[DATA RECORDS]

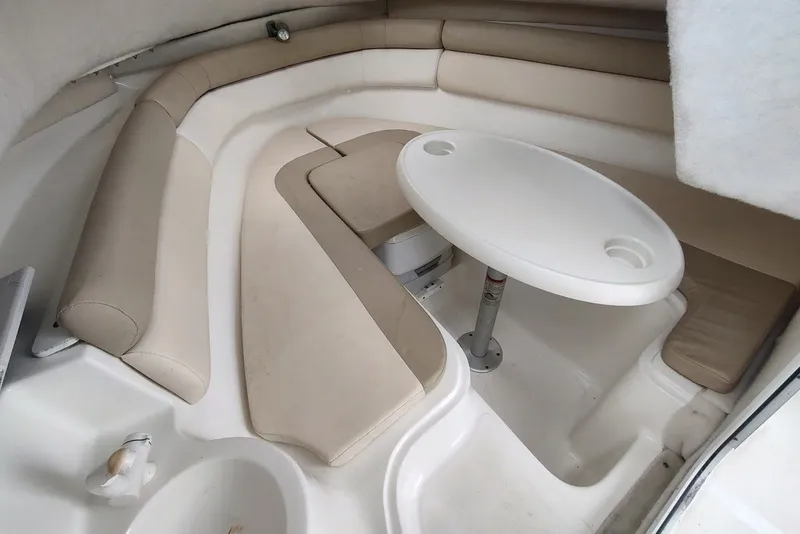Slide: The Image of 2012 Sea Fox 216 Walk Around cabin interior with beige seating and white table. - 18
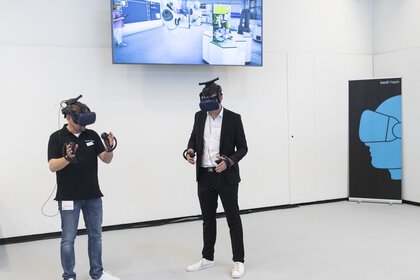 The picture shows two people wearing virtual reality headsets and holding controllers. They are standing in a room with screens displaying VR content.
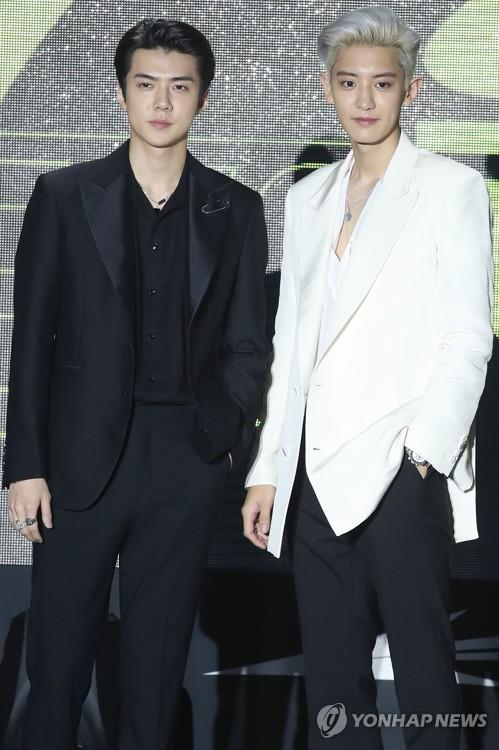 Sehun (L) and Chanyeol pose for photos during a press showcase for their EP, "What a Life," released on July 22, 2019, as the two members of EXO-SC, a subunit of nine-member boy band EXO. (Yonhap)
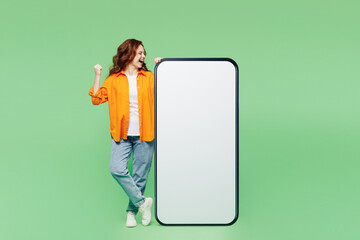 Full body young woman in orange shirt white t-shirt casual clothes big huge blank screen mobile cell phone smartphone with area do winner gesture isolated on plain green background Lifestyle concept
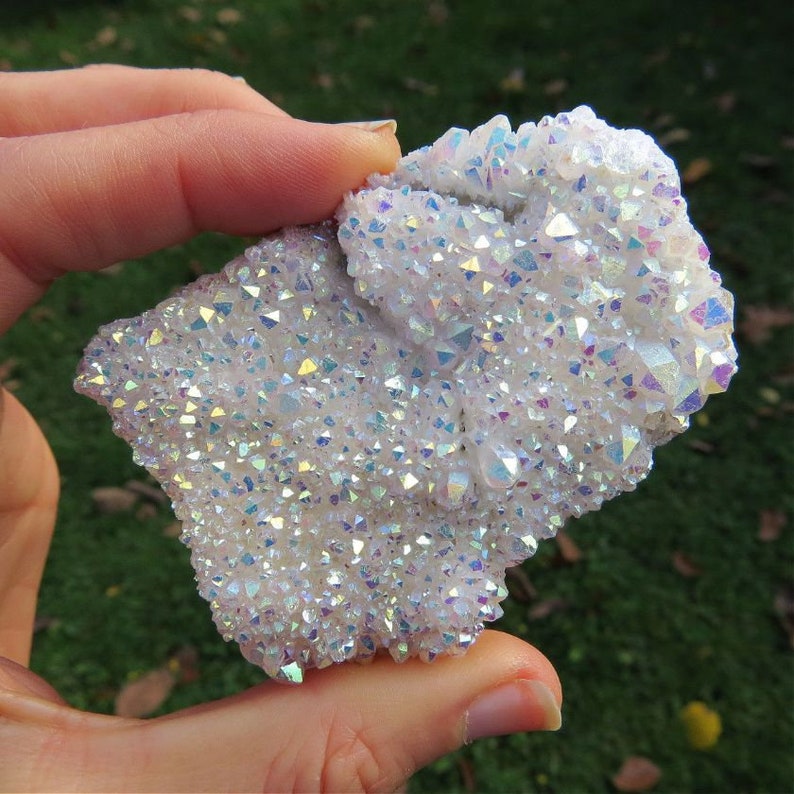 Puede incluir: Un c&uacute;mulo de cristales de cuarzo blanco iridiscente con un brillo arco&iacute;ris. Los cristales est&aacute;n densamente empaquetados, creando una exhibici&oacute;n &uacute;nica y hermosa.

[/DATA RECORDS]

- [TASK ITEM] Give back every record exactly. Omit the pictures.

- [REPLY]
Slide: The Image of 2012 Sea Fox 216 Walk Around cabin interior with beige seating and white table. - 18
 The picture shows two people wearing virtual reality headsets and holding controllers. They are standing in a room with screens displaying VR content.
 Sehun (L) and Chanyeol pose for photos during a press showcase for their EP, "What a Life," released on July 22, 2019, as the two members of EXO-SC, a subunit of nine-member boy band EXO. (Yonhap)
 Full body young woman in orange shirt white t-shirt casual clothes big huge blank screen mobile cell phone smartphone with area do winner gesture isolated on plain green background Lifestyle concept
 Puede incluir: Un c&uacute;mulo de cristales de cuarzo blanco iridiscente con un brillo arco&iacute;ris. Los cristales est&aacute;n densamente empaquetados, creando una exhibici&oacute;n &uacute;nica y hermosa.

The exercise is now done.